Which means we're left with the custom object suggestion:

flox.Grouper sounds good to me actually.

keewis commented 2 years ago

I did some experiments with the grouper object this afternoon. I'd imagine something like this (I'm not particularly fond of the bounds-type detection, but of course we can just require pd.IntervalIndex objects):

@attrs.define
class Grouper:
    """grouper for use with `flox.xarray.xarray_reduce`

    Parameter
    ---------
    over : hashable or DataArray
        The coordinate to group over. If a hashable, has to be a variable on the
        data. If a `DataArray`, its dimensions have to be a subset of the data's.
    values : list-like, array-like, or DataArray, optional
        The expected group labels. Mutually exclusive with `bins`.
    bins : DataArray or IntervalIndex, optional
        The bins used to group the data. Can either be a `IntervalIndex`, a `DataArray`
        of `n + 1` vertices, or a `DataArray` of `(n, 2)` bounds.

        Mutually exclusive with `values`.
    bounds_dim : hashable, optional
        The bounds dimension if the bins were passed as bounds.
    """

    over = attrs.field()

    bins = attrs.field(kw_only=True, default=None)
    values = attrs.field(kw_only=True, default=None)
    labels = attrs.field(init=False, default=None)

    bounds_dim = attrs.field(kw_only=True, default=None, repr=False)

    def __attrs_post_init__(self):
        if self.bins is not None and self.values is not None:
            raise TypeError("cannot specify both bins and group labels")

        if self.bins is not None:
            self.labels = to_intervals(self.bins, self.bounds_dim)
        elif self.values is not None:
            self.labels = self.values

    @property
    def is_bin(self):
        if self.labels is None:
            return None

        return self.bins is not None

def merge_lists(*lists):
    def merge_elements(elements):
        filtered = [element for element in elements if element is not None]

        return more_itertools.first(filtered, default=None)

    return [merge_elements(elements) for elements in zip(*lists)]

def groupby(obj, *by, **flox_kwargs):
    orig_expected_groups = flox_kwargs.get("expected_groups", [None] * len(by))
    orig_isbin = flox_kwargs.get("isbin", [None] * len(by))

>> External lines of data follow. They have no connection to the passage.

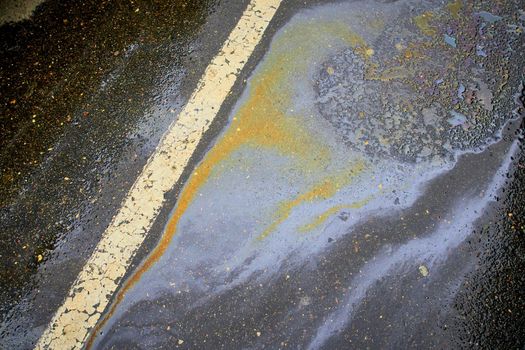 Gasoline spill on asphalt with a white dividing strip in a car park as a texture or background.
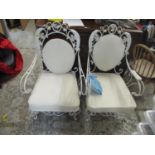 A pair of vintage French white painted wrought metal armchairs with off white upholstery Location: G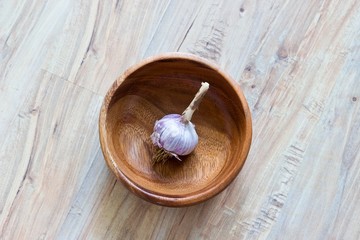 Fresh garlic in wooden bowl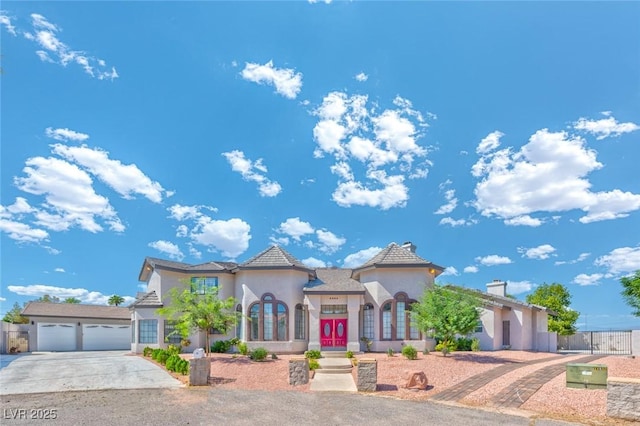 mediterranean / spanish house featuring stucco siding, driveway, a garage, and fence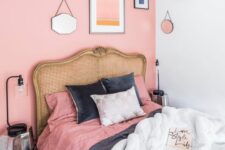 a small bedroom with a pink accent wall, a bed with a cane headboard and pink and black bedding, a gallery wall and mirror faceted nightstands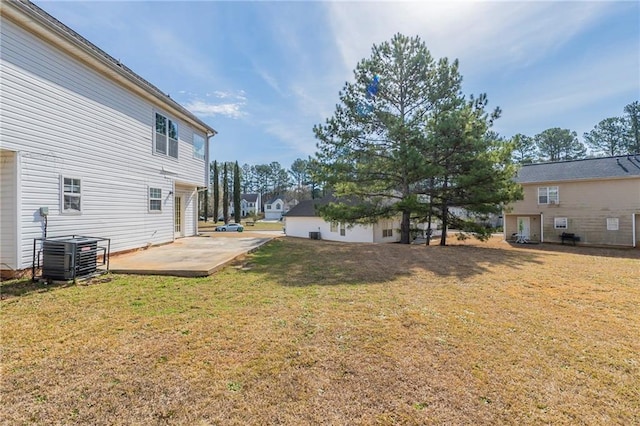 view of yard featuring a patio and cooling unit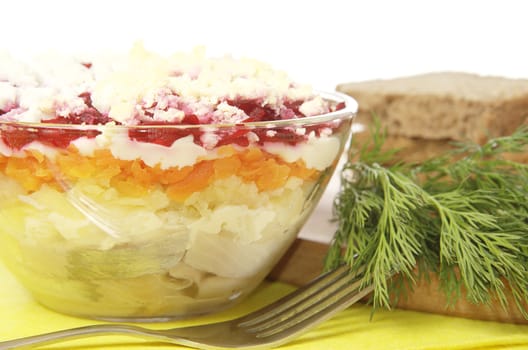 Russian traditional herring salad in glass bowl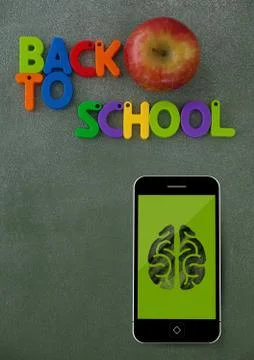 Phone on a school table with brain icon on screen Foto stock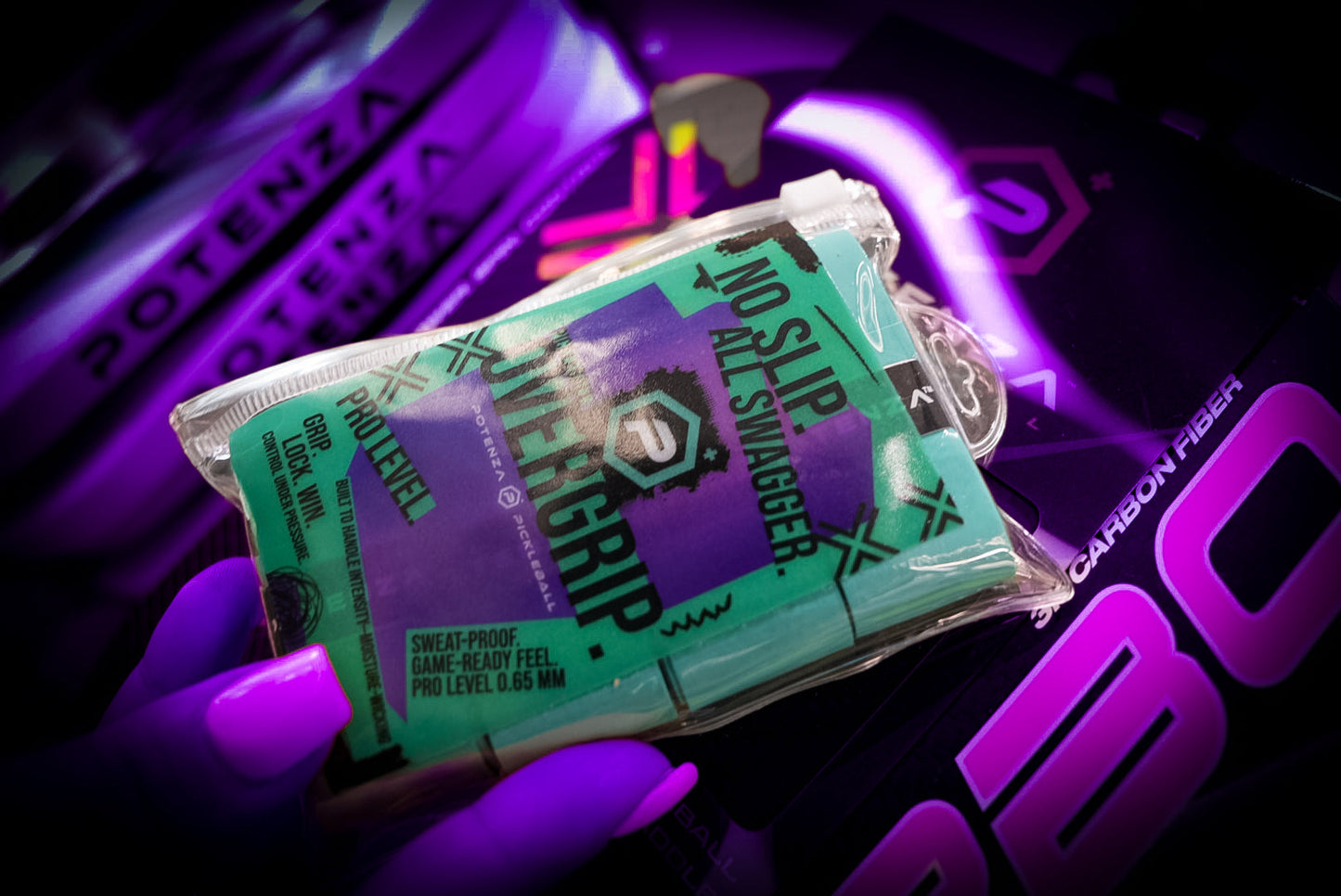 A close-up of a hand with purple-painted nails holding a teal Potenza Pickleball PROX Tacky Overgrip (4-pack) labeled "NO SLIP. ALL SWAGGER." with other Potenza sports gear and purple lighting in the background.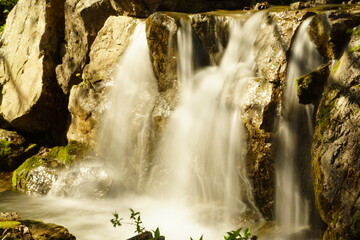 Water rushes down a waterfall.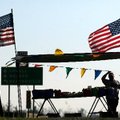 Paul Mercer of Clarksville waits for customers while selling apples Friday for White’s Produce of Pe...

    extracted = ((grouper.over, grouper.labels, grouper.is_bin) for grouper in by)
    by_, expected_groups, isbin = (list(_) for _ in more_itertools.unzip(extracted))
    flox_kwargs["expected_groups"] = tuple(
        merge_lists(orig_expected_groups, expected_groups)
    )
    flox_kwargs["isbin"] = merge_lists(orig_isbin, isbin)

    return flox.xarray.xarray_reduce(obj, *by_, **flox_kwargs)

flox.xarray.xarray_reduce(
    data,
    Grouper(over="x", bins=pd.IntervalIndex.from_breaks(coords["x_vertices"])),
    Grouper(over=data.y, values=["a", "b", "c"]),
    func="mean",
)

dcherian commented 2 years ago

pd.cut uses labels to specify output labels for binning. So we could have values and bins at the same time (though I prefer labels over values and expected_groups).

The nice thing is that we could also support pd.Grouper to do resampling, and other grouping at the same time.

I really like this Grouper idea. On a minor note, I think I prefer by (or key from pd.Grouper) instead of over (also see https://github.com/pydata/xarray/issues/324 )

keewis commented 2 years ago

well, I'm not really attached to the names, so that sounds good to me?